In situ bismuth ion exchange plating micro-electrochemical sensor based on laser-induced graphene for trace Cd2+ and Pb2+ detection

Rapid, sensitive, and on -site detection of heavy metal ions in the environment is of great significance for protecting human health and maintaining ecological balance. This work presents a novel approach for the synthesis of nitrogen and bismuth co-doped, homogeneous porous petaloid graphene on polyimide films through ion exchange plating and laser direct writing techniques. The electrochemical sensing platform constructed by this technique exhibits excellent detection performance for trace amounts of the heavy metals lead and cadmium ions.

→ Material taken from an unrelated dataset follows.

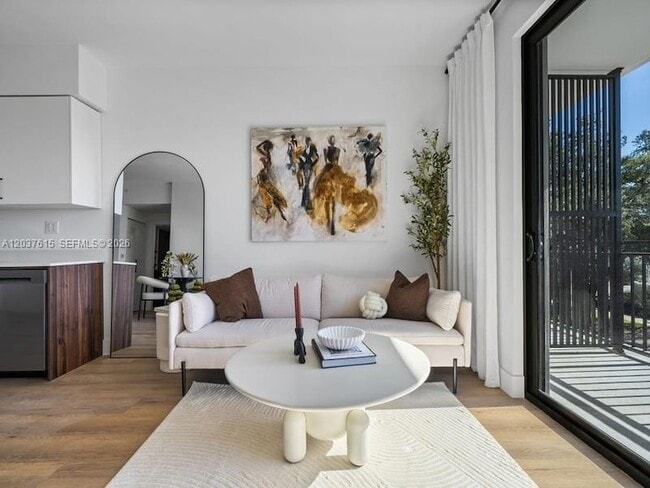 2479 NE 192 St Unit 207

Particularly, the mild surface ion exchange and self-metallization strategy enables in situ incorporation of bismuth elements with ultra-low material consumption. At the same time, the laser direct writing method can be utilized to create multiple electrode patterns, enhancing the sensor's versatility. The synergistic effect between the homogeneous porous structure of graphene and the abundant bismuth and nitrogen functional groups endows the new micro-electrochemical sensor with satisfactory sensing performance for simultaneous detection of Cd2+ and Pb2+ using differential pulse stripping voltammetry. The fabricated sensor exhibits superior performance with a linear range of 1.0-100.0 mu g/L, a detection limit of 0.207 mu g/L and 0.410 mu g/L (S/N = 3) for Cd2+ and Pb2+, respectively, and demonstrates good anti-interference capability, stability, and repeatability. When applied to detecting Cd2+ and Pb2+ in actual porcelain applique and tea samples, it demonstrates good recovery rates ranging from 95.3% to 106.3%. Consequently, this portable and sensitive micro-electrochemical sensor based on laser-induced graphene shows promising potential for application in environmental monitoring and protection.